This example is of a peak $26.00/hr guarantee. The amount they add to your account is 80% of the amount that would need to be added to your fares to bring the average up to $26/hr in this case.


----------



## frndthDuvel (Aug 31, 2014)

JDS said:


> I drove for 4 hours, on the night they guaranteed $18/hr. I know for a fact I met all their requirements to get the guaranteed $18/hr rate - so in my mind, I should get $72 for my 4 hours of work.
> 
> .


4x18-4-20%=4 hours uber net. Difference between what you earned and that amount added to your check to equal that UBER amount. I think!
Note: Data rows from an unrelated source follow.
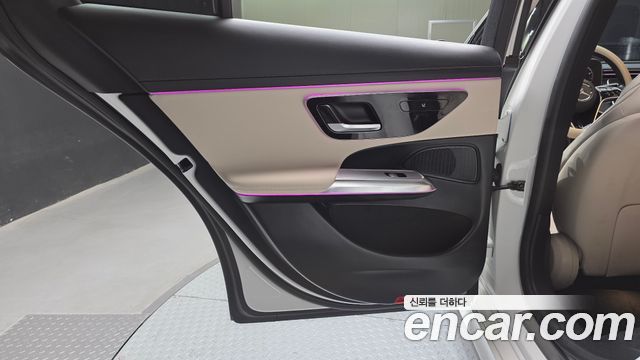 Mercedes-Benz E-Class 2024 — photo 15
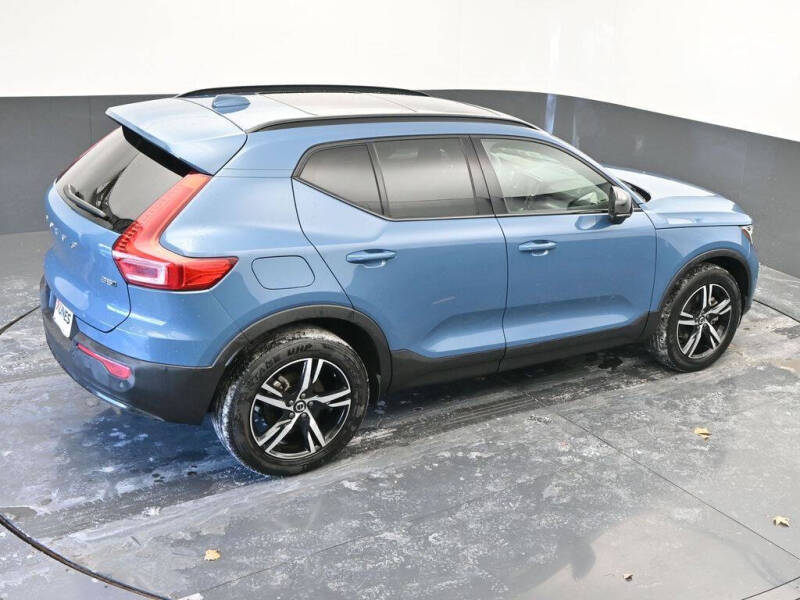 2024 Volvo XC40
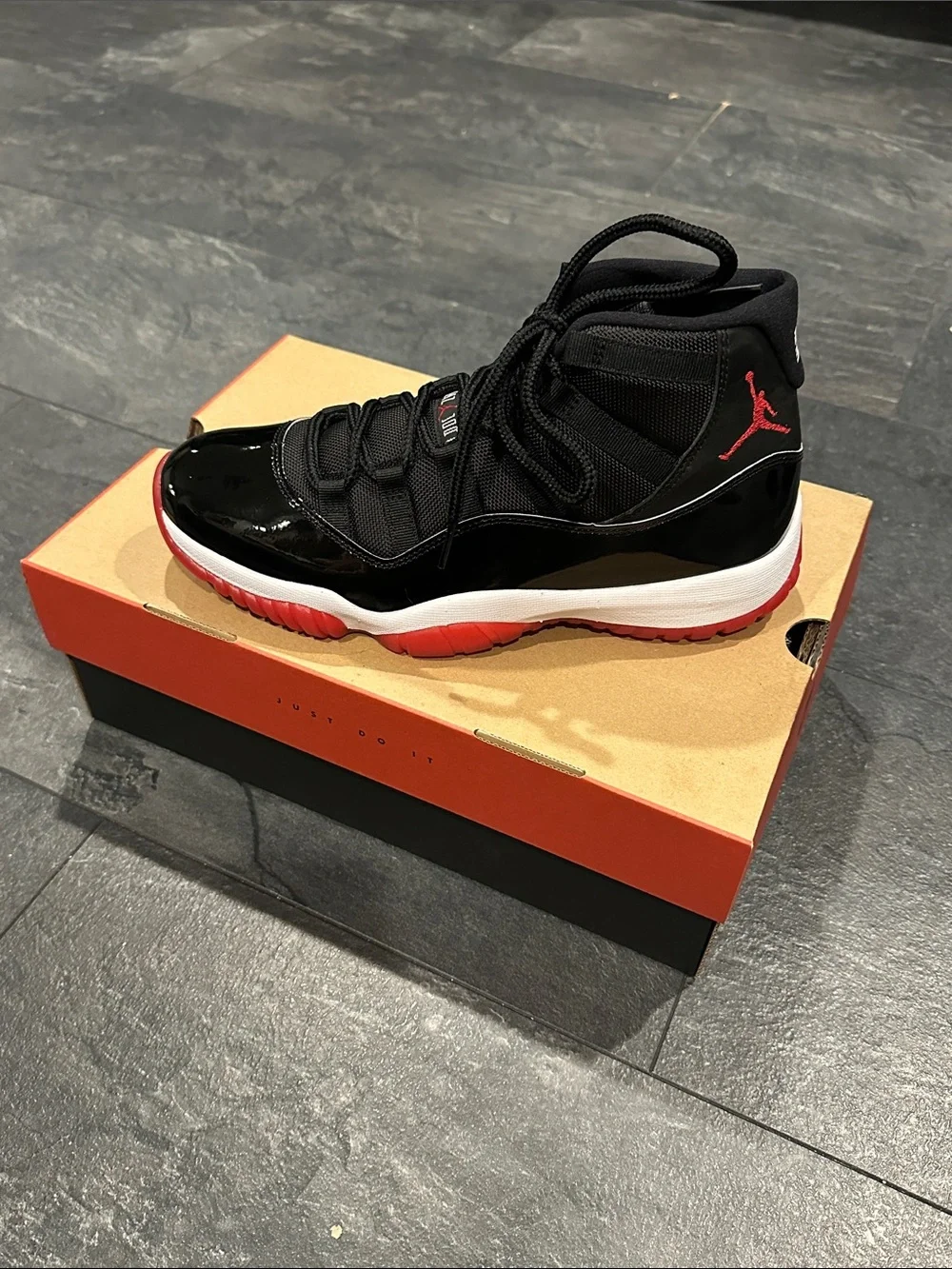 Jordan 11 Retro 2019 Bred Men's High-Top Sneakers - Black/Red/White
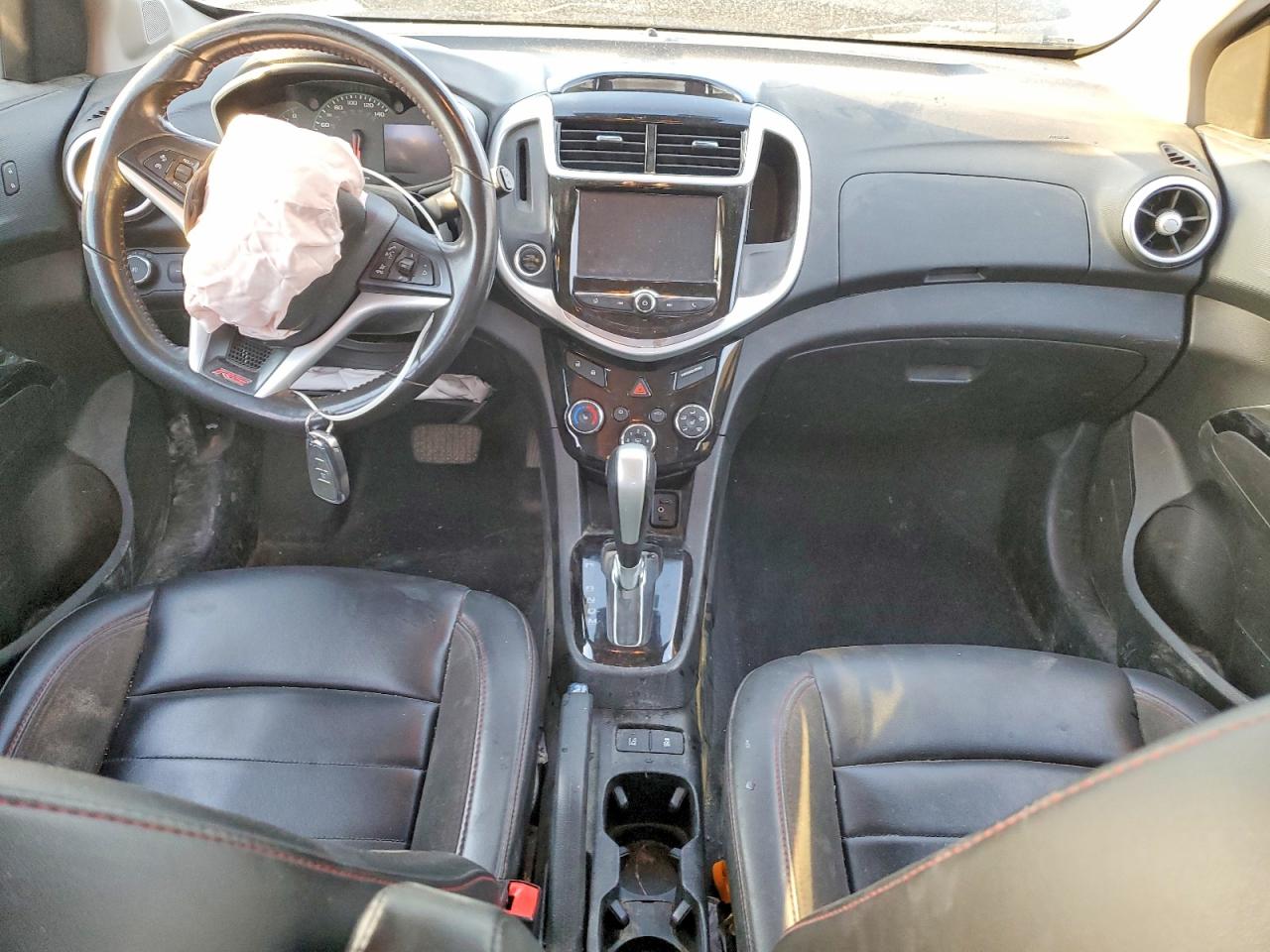 2017 CHEVROLET SONIC PREMIER photo 8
LOL


----------



## Fauxknight (Aug 12, 2014)

The guarantee is in gross fares before Uber's cuts.


----------



## Kasra321 (Jan 26, 2015)

Lets say you worked for 4 hours, and the guaranteed gross income is: 4x18=$72
After uber 20% cut it would be: $72 x %80 = $57.6

It means if your net income during that 4 hr was less than $57.6, Uber pays the difference untill it reaches to the minimum guaraneed amount.
already made $49.3 in the period of 4 hrs, uber adds $8.3 to it to raise you total earnings to the minimum guaranteed level: $49.3 +$8.3 = 57.6$

Cheers,


----------



## Choochie (Jan 4, 2015)

Kasra321 said:


> Lets say you worked for 4 hours, and the guaranteed gross income is: 4x18=$72
> After uber 20% cut it would be: $72 x %80 = $57.6
> 
> It means if your net income during that 4 hr was less than $57.6, Uber pays the difference untill it reaches to the minimum guaraneed amount.
> ...


That was very helpful.


----------



## OCBob (Jan 20, 2015)

Don't forget the 4 hours work is really 200 minutes (10 minutes off of every hour) so 3 hours and 20 minutes or 3.33 hours. Times that by 18/hour to get a total. I believe you then take 20% of Uber cut since the amount guarantees is "in fares". Keep track of total hours per the three shifts (a ride that goes past midnight is still for regular hours), rides, cancellations by rider, and percentage of accepted pings.


----------



## Choochie (Jan 4, 2015)

OCBob said:


> Don't forget the 4 hours work is really 200 minutes (10 minutes off of every hour) so 3 hours and 20 minutes or 3.33 hours. Times that by 18/hour to get a total. I believe you then take 20% of Uber cut since the amount guarantees is "in fares". Keep track of total hours per the three shifts (a ride that goes past midnight is still for regular hours), rides, cancellations by rider, and percentage of accepted pings.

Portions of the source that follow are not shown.